» **Problem details**: Could you transcribe the records below exactly, leaving out every picture?

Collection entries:
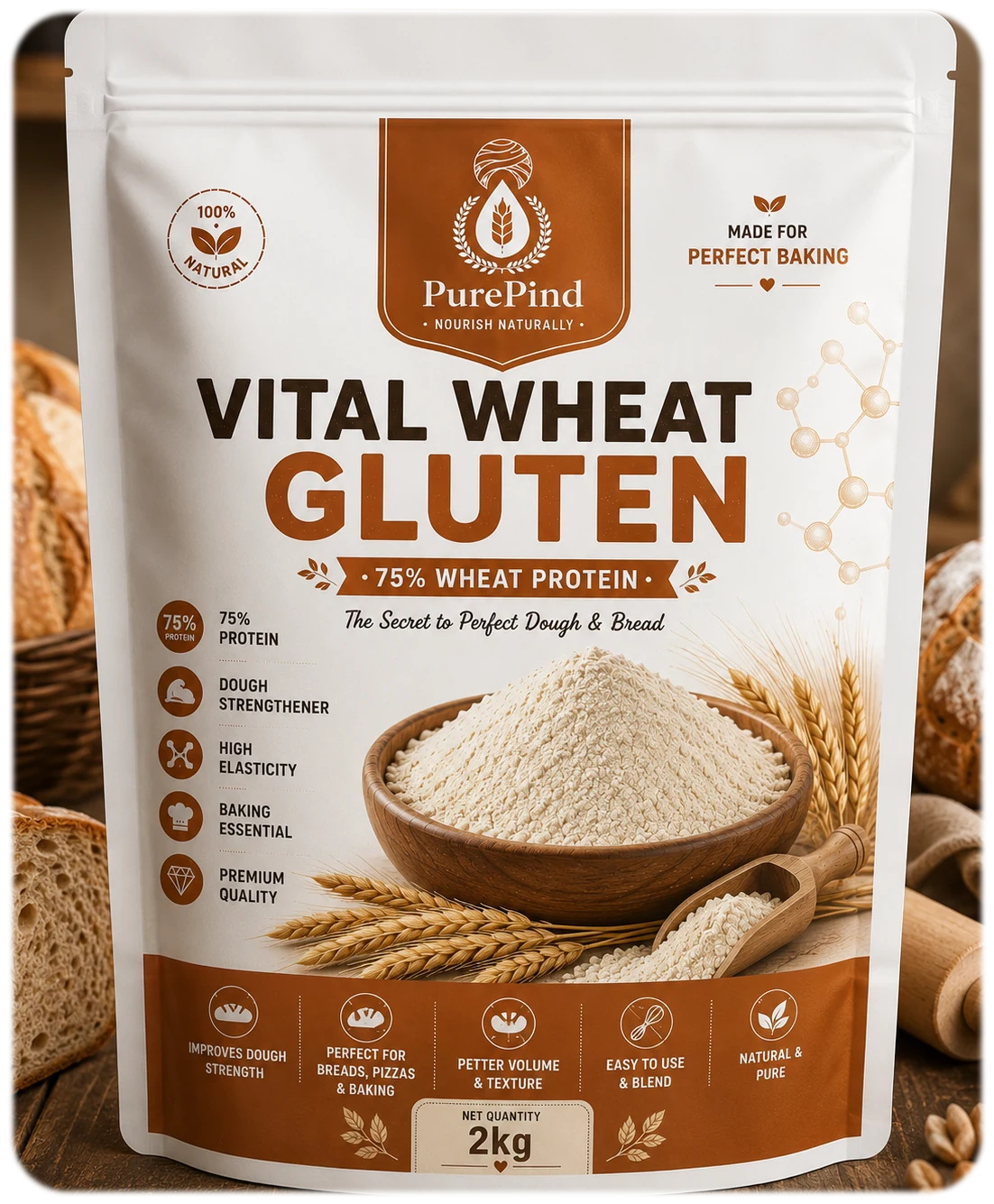 Vital Wheat Gluten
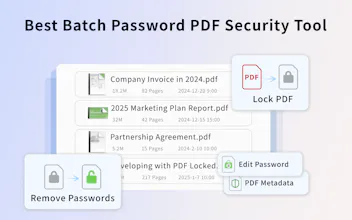 PDF Protector - Unlock, Lock PDF gallery image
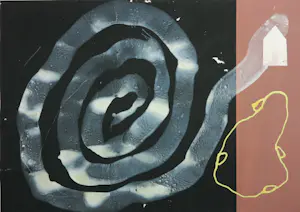 Albert Merz - Ohne Titel ( 1 Los mit 2 Arbeiten, eine davon beschädigt) kopen? Bied vanaf 100!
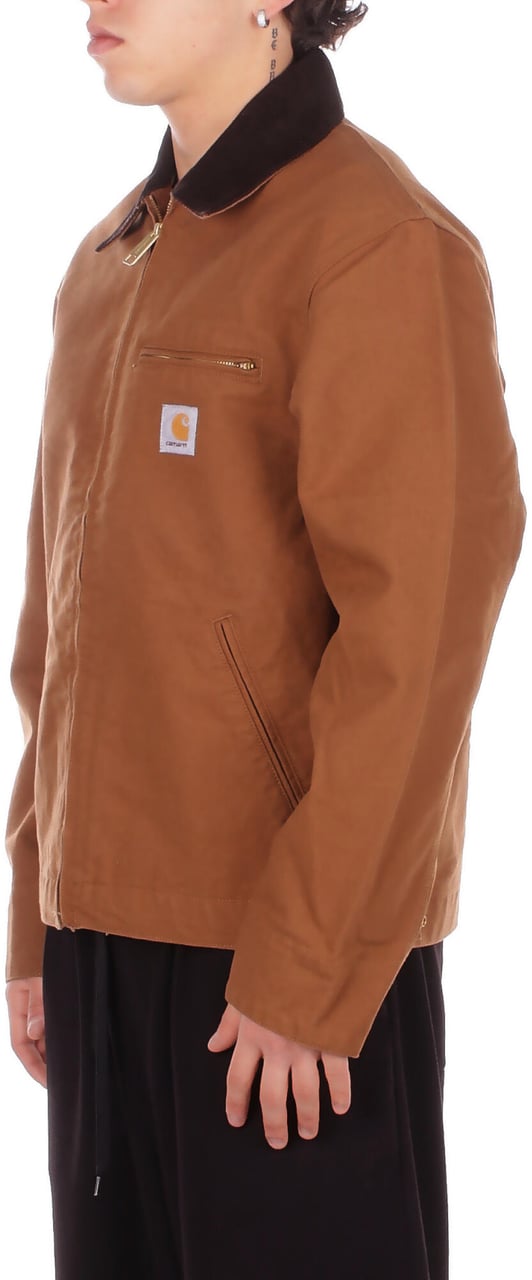 Carhartt Coats Brown Beige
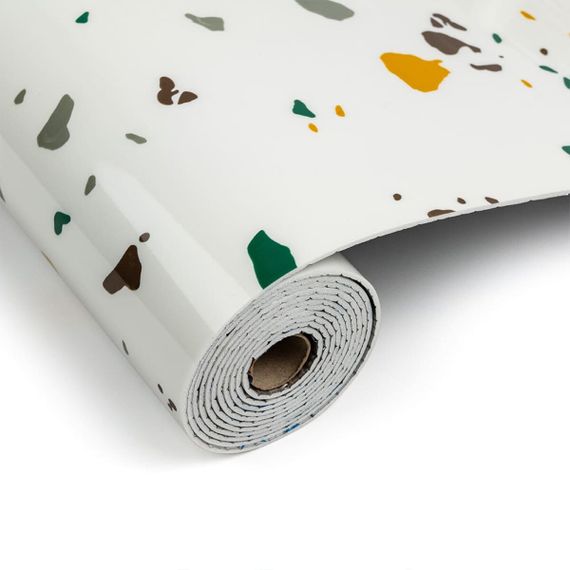 Самоклеюча стінова PET плитка у рулоні 600*3000*2mm SW-00001695 | Зображення 3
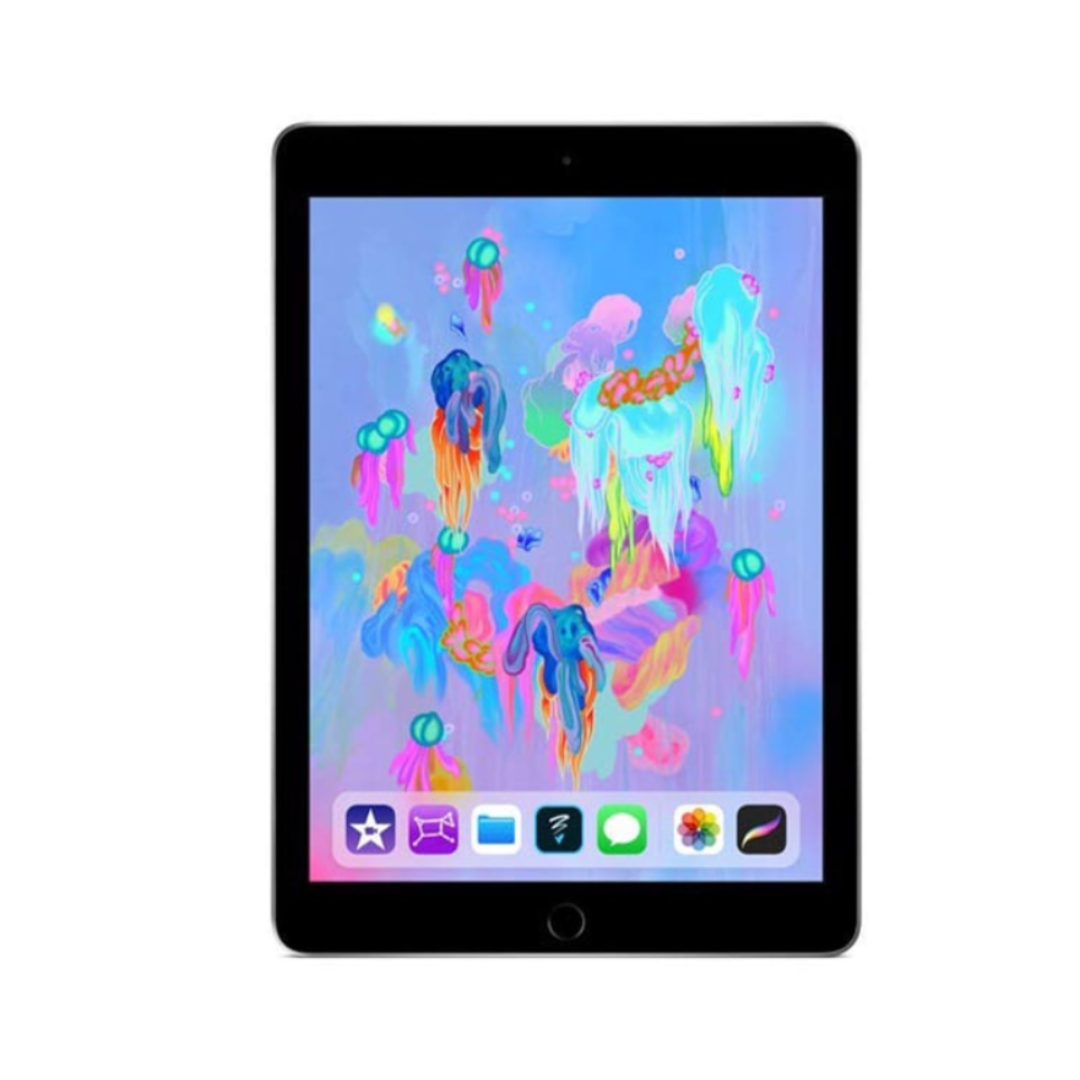 iPad 6th Gen 32gb Space Gray (reacondicionado grado A)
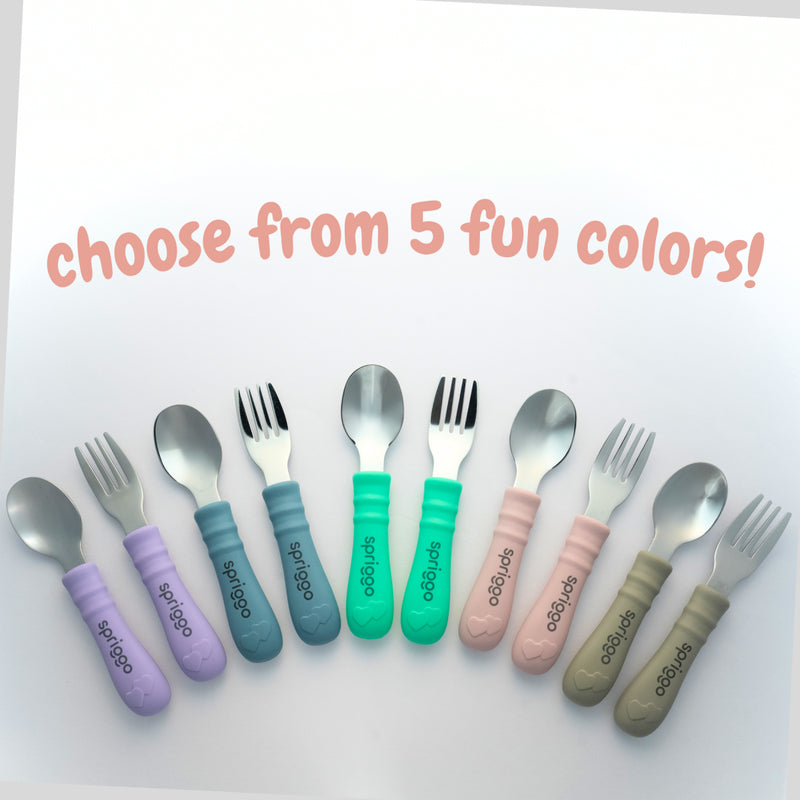 Spriggo Toddler Cutlery Set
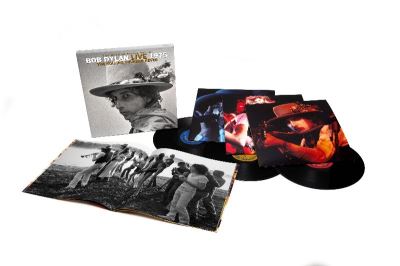 The Bootleg Series Volume 5: Bob Dylan Live 1975, The Rolling Thunder Revue Triple Vinyle Inclus un livret de 64 pages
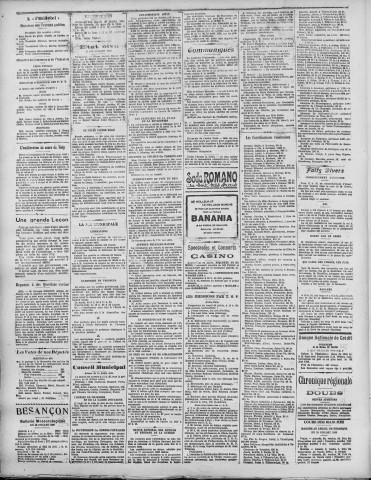 20/07/1926 - La Dépêche républicaine de Franche-Comté [Texte imprimé]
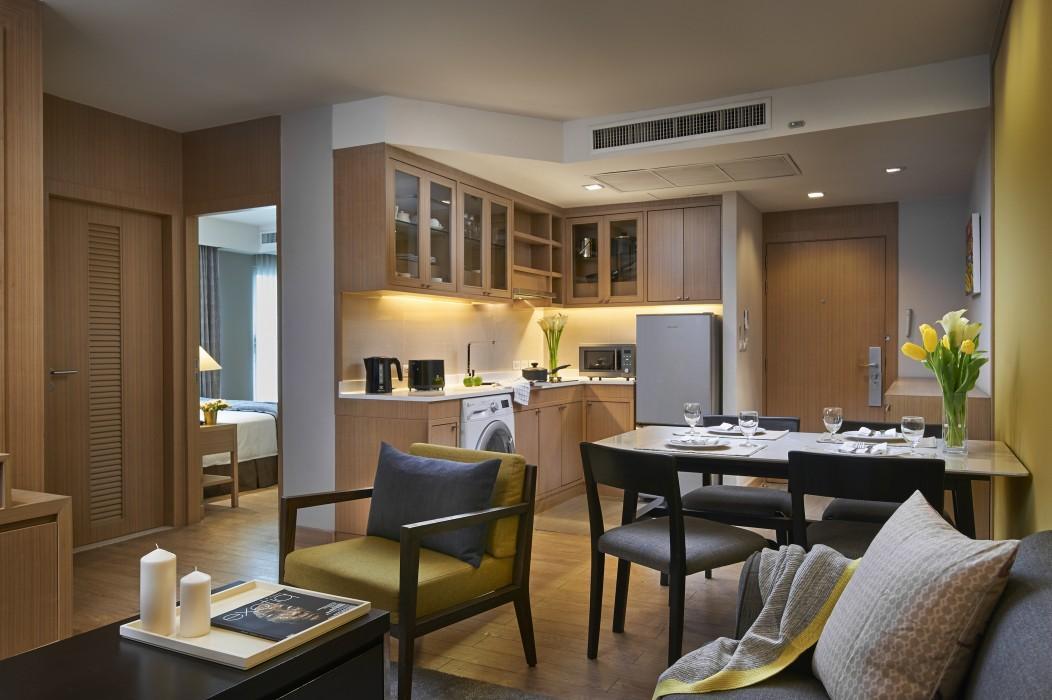 Khách sạn Shama Lakeview Asoke Bangkok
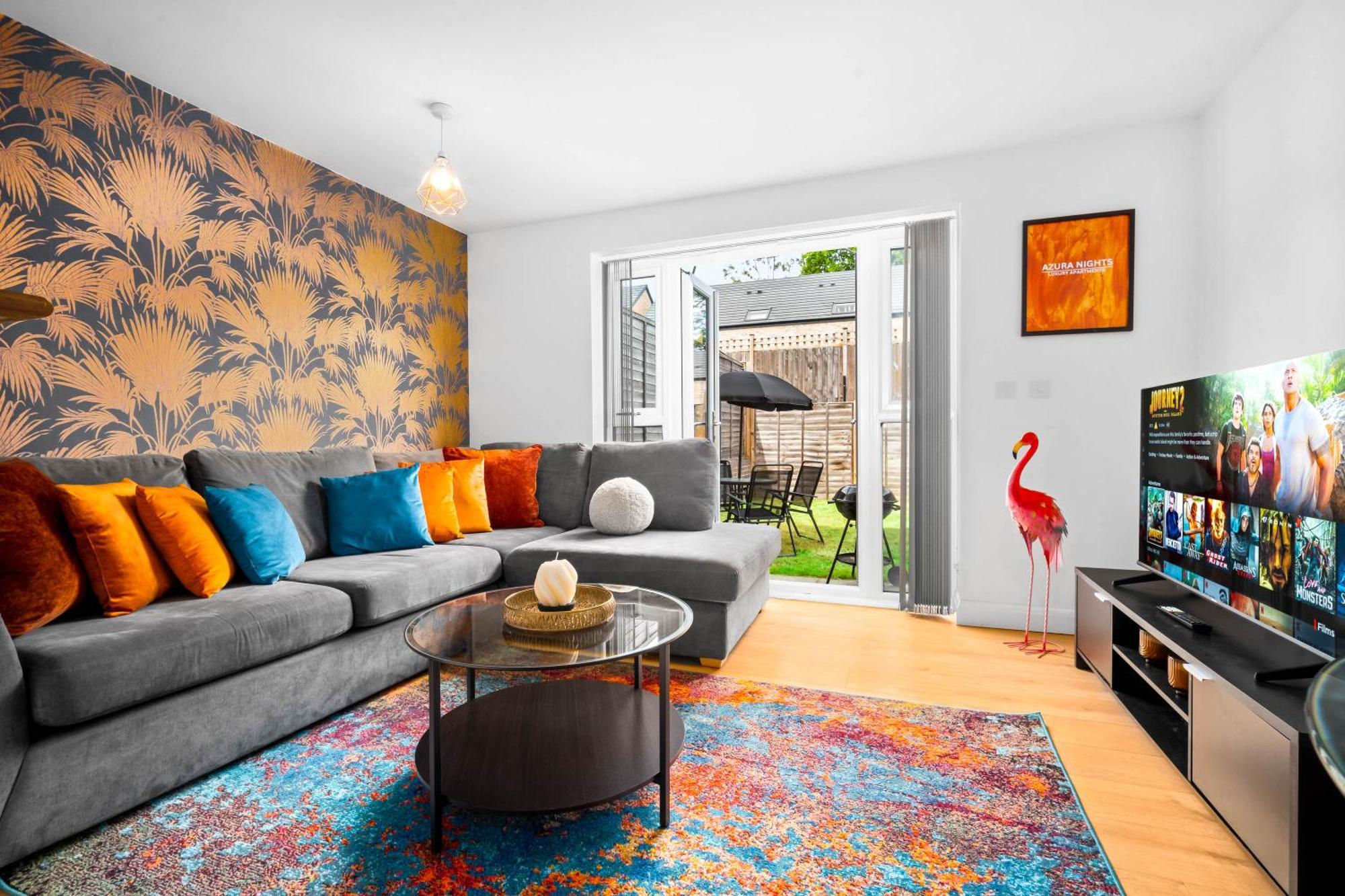 Luxury City Centre 5 Bed House With En-Suite, Bbq, On-Site Parking By Azura Nights Birmingham Eksteriør bilde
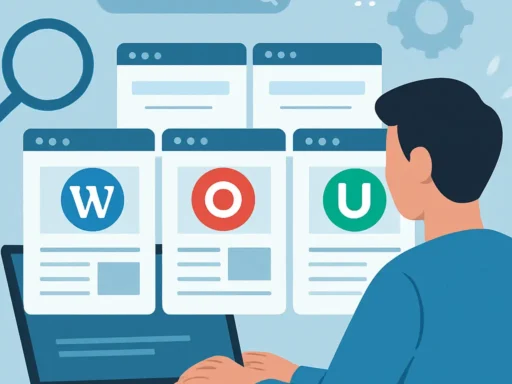 Website builders vergelijken (2026 update)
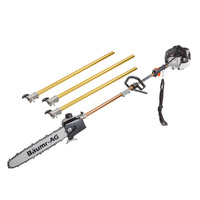 65CC Pole Chainsaw Saw Petrol Chain Tree Pruner Extendable Cutter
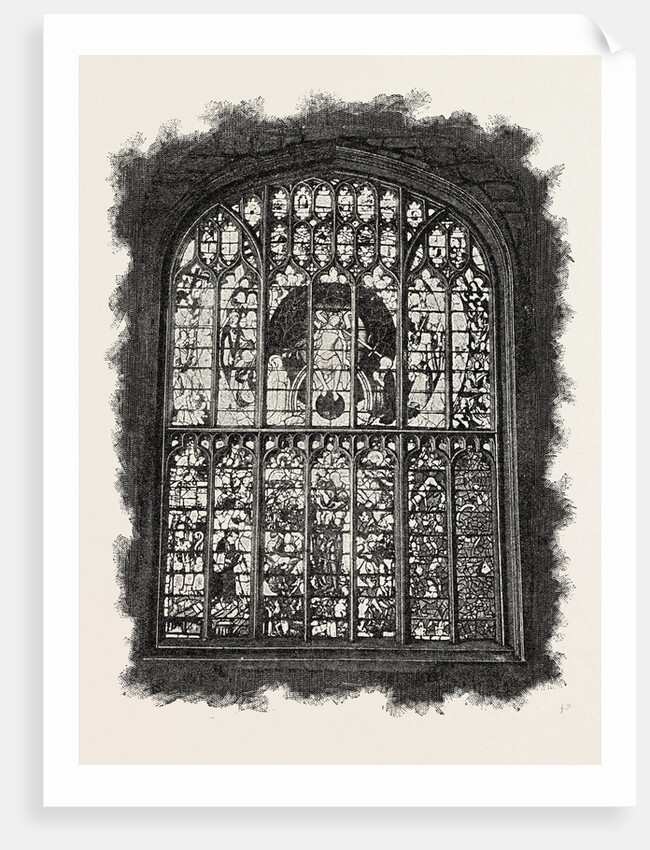 Fairford Church: The Great West Window by Anonymous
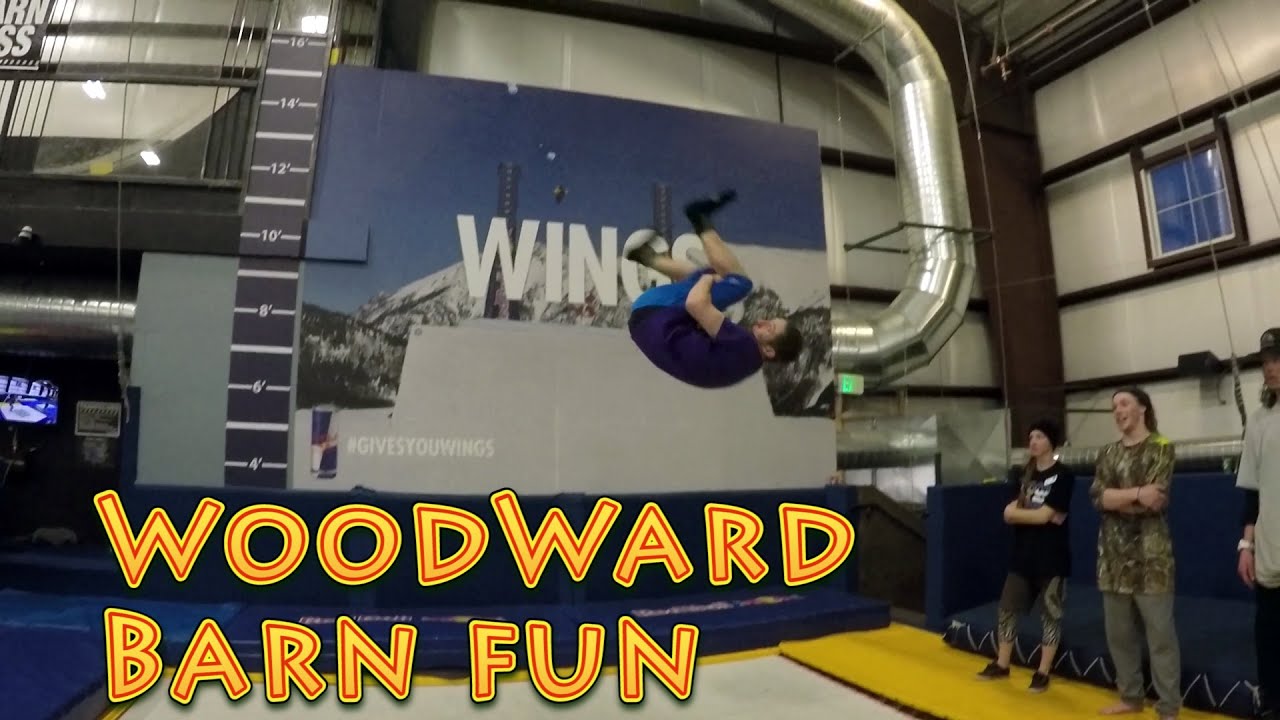 Woodward at Copper Barn 2016 YouTube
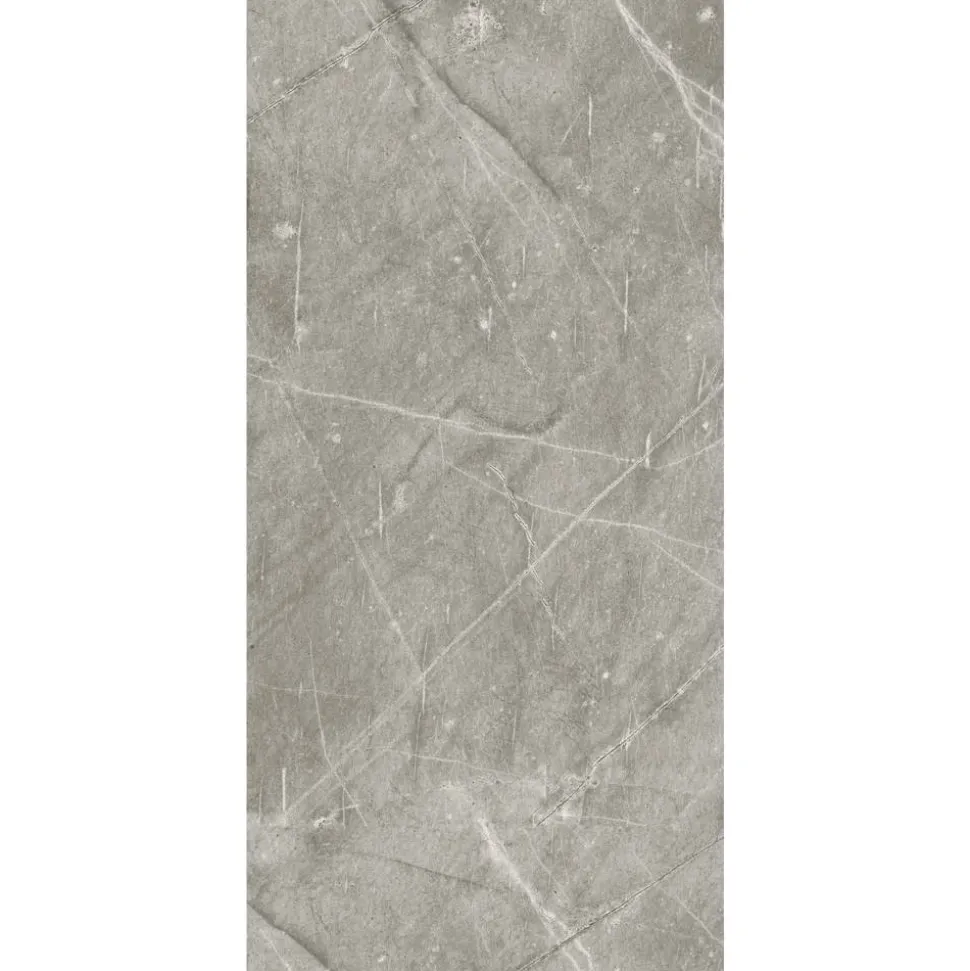 Wandpaneel 'Rock the Wall' Grey Marble 265 x 123 x 0,4 cm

» **Response to this task**:
 Vital Wheat Gluten
 PDF Protector - Unlock, Lock PDF gallery image
 Albert Merz - Ohne Titel ( 1 Los mit 2 Arbeiten, eine davon beschädigt) kopen? Bied vanaf 100!
 Carhartt Coats Brown Beige
 Самоклеюча стінова PET плитка у рулоні 600*3000*2mm SW-00001695 | Зображення 3
 iPad 6th Gen 32gb Space Gray (reacondicionado grado A)
 Spriggo Toddler Cutlery Set
 The Bootleg Series Volume 5: Bob Dylan Live 1975, The Rolling Thunder Revue Triple Vinyle Inclus un livret de 64 pages
 20/07/1926 - La Dépêche républicaine de Franche-Comté [Texte imprimé]
 Khách sạn Shama Lakeview Asoke Bangkok
 Luxury City Centre 5 Bed House With En-Suite, Bbq, On-Site Parking By Azura Nights Birmingham Eksteriør bilde
 Website builders vergelijken (2026 update)
 65CC Pole Chainsaw Saw Petrol Chain Tree Pruner Extendable Cutter
 Fairford Church: The Great West Window by Anonymous
 Woodward at Copper Barn 2016 YouTube
 Wandpaneel 'Rock the Wall' Grey Marble 265 x 123 x 0,4 cm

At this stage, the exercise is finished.